LIVE FROM THE HEADLINES
Did Terrorists Learn Valuable Info from the Blackout?
Aired August 15, 2003 - 19:20 ET
THIS IS A RUSH TRANSCRIPT. THIS COPY MAY NOT BE IN ITS FINAL FORM AND MAY BE UPDATED.
ANDERSON COOPER, CNN ANCHOR: Has the power blackout given terrorists an idea. That's the question we're going to ask our next guest. Perhaps has it given them an idea and an opportunity?
Let's bring in Jamie Metzel into the conversation. He is the project director for the Council on Foreign Relations Independent Task Force on Emergency Responders.
We appreciate you joining us.
JAMIE METZEL, COUNCIL ON FOREIGN RELATIONS: Pleasure to be here.
COOPER: Terrorists watching this, what have they just learned?
METZEL: Well, the terrorists have learned there are key nodes in our network of critical infrastructure that are highly vulnerable. And that if they can identify those nodes and hit them they can inflict a lot of damage on us.
COOPER: Has this pointed out key vulnerabilities that, a) maybe we didn't know about before or we did know or at least we should have known about before?
METZEL: Well, we know that we have key vulnerabilities not only in the electrical grid, but in many other areas. Our public health system is not in great shape. Our chemical facilities aren't adequately protected. So we've known that we've had these key vulnerabilities.
But what this has shown us yet again is how vulnerable we are. And that's why the United States needs to engage in an overarching systematic threat and vulnerability analysis so that we can identify our key areas of vulnerability and begin a long, difficult and expensive process of correcting those vulnerabilities.
COOPER: John King in Washington, go ahead.
JOHN KING, CNN SR. WHITE HOUSE CORRESPONDENT: If I could jump in. I'd like to ask a question. You say a long and expensive process, sir.
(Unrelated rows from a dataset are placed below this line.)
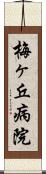 梅ヶ丘病院 Scroll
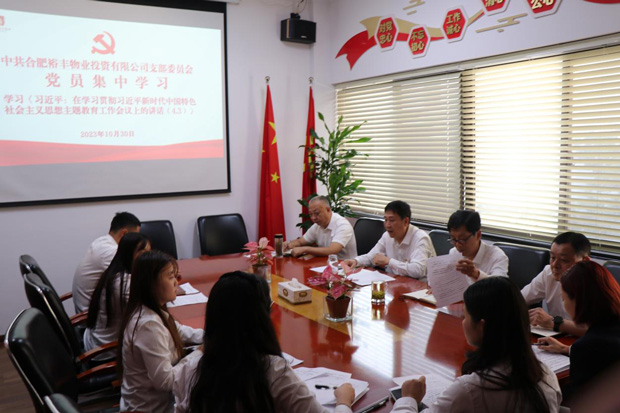 Z6·人生就是博(中国区)官方网站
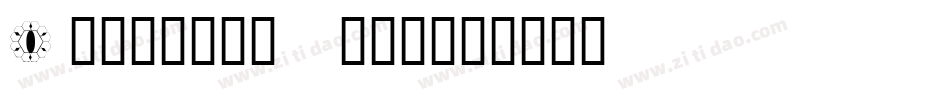 Hdgems5-PZlm字体转换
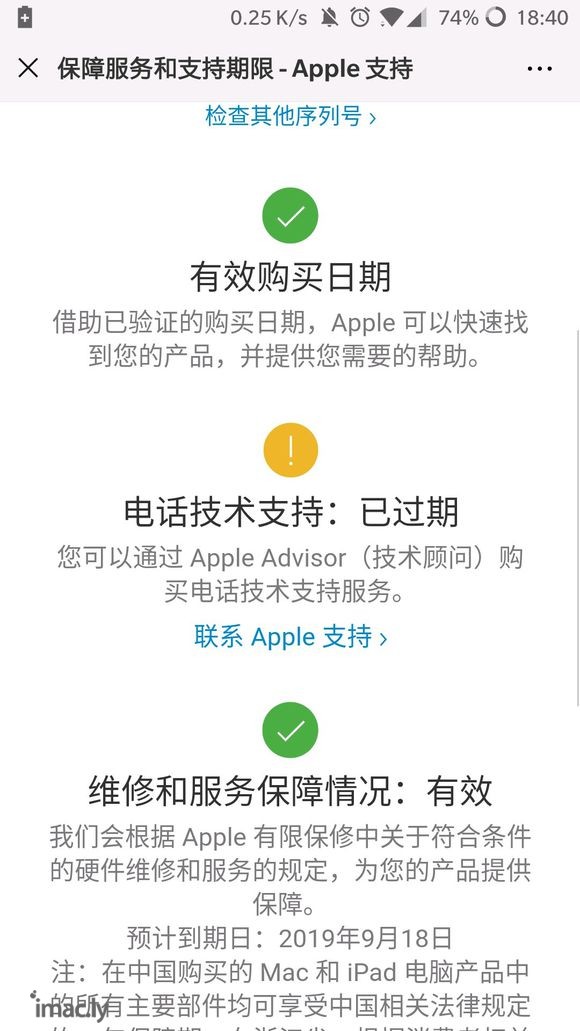 刚在国美买的ipad2018,官网查询序列号显示电话技术支持-1.jpg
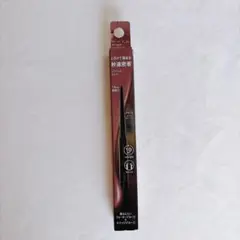 KATE レアフィットジェルペンシルN PK-2 ピンクグレージュ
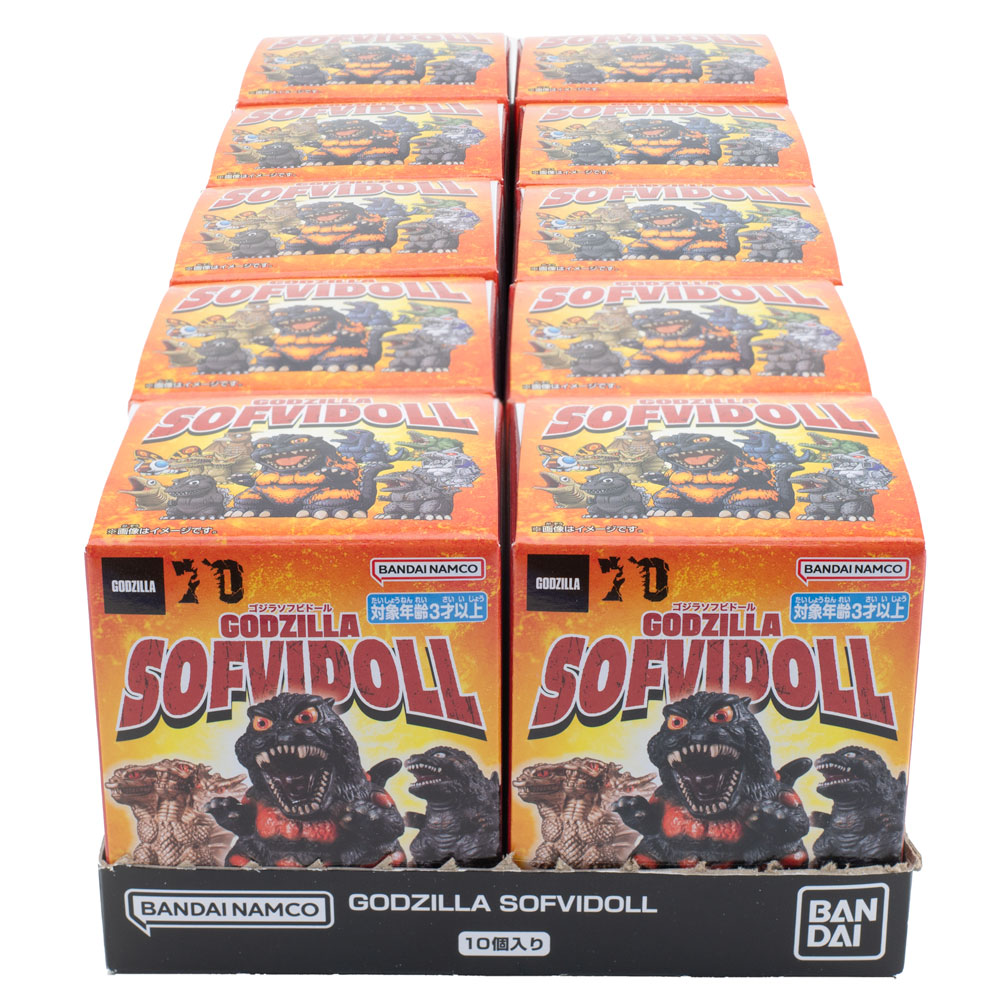 Godzilla SofviDoll Figure | A&A Global Industries
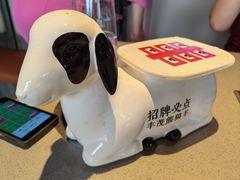 -丰茂烤串(公园店)
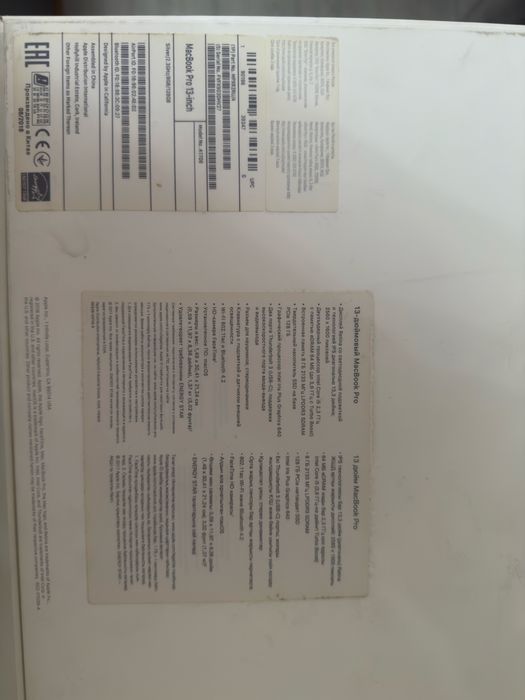 MacBook Pro 13 дюймов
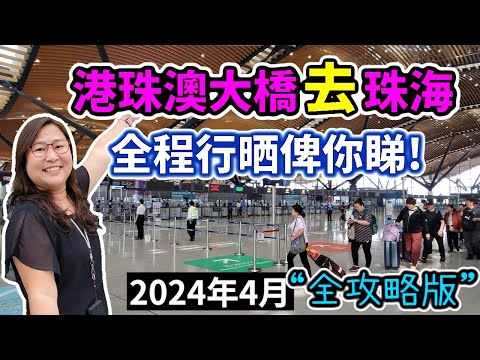 2024年4月港珠澳大橋去珠海最新過關情況，手把手帶你由香港去到珠海，完整路線，全面資訊，以第一人身令你親身走一趟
Some say which is the more important, in security, of visible police presence around power plants, especially nuclear power plants, or investments in the technology that would create the firewalls that obviously did not exist when this all cascaded yesterday?
METZEL: Well, it's not an either or. We need both. But what we need to do is have a process for determining how to allocate our scarce and limited resources.
We need security, we need technological investment. We have many vulnerabilities, not only in the electrical grid. We need a better, less politicized process for figuring out where our greatest vulnerabilities are and that will allow us to better spend our limited resources.
COOPER: John, you raise an interesting point. Jamie, you just said we need a less politicized process. But as John King well knows, I mean, this will end up being all about politics.
John, where is the money going to come from according to Republicans and according to Democrats?
KING: Well, it depends on what we're talking about in terms of the money. In terms of improving the grid, if you're talking about more technology, more transmission lines and even more power plants, that money will come from a number of places.
The states, of course, say they don't any money. They're all broke right now. And so they say the federal government should put up most of the money.
To anyone watching at home, this is one of the reasons this is not done. The reason this is delayed time and time again is because everyone knows when it is done at least some of the money, and many say the bulk of the money, will come out of individual's electricity Bills and that is a tough sell for the utility companies and it is a tough sell for the politicians.
There are debates -- NIMBY, not in my back yard -- about where you build these things. It is an incredibly complicated issue.
COOPER: Absolutely. Jamie Metzel, appreciate you joining us and John King, as well. Thank you very much.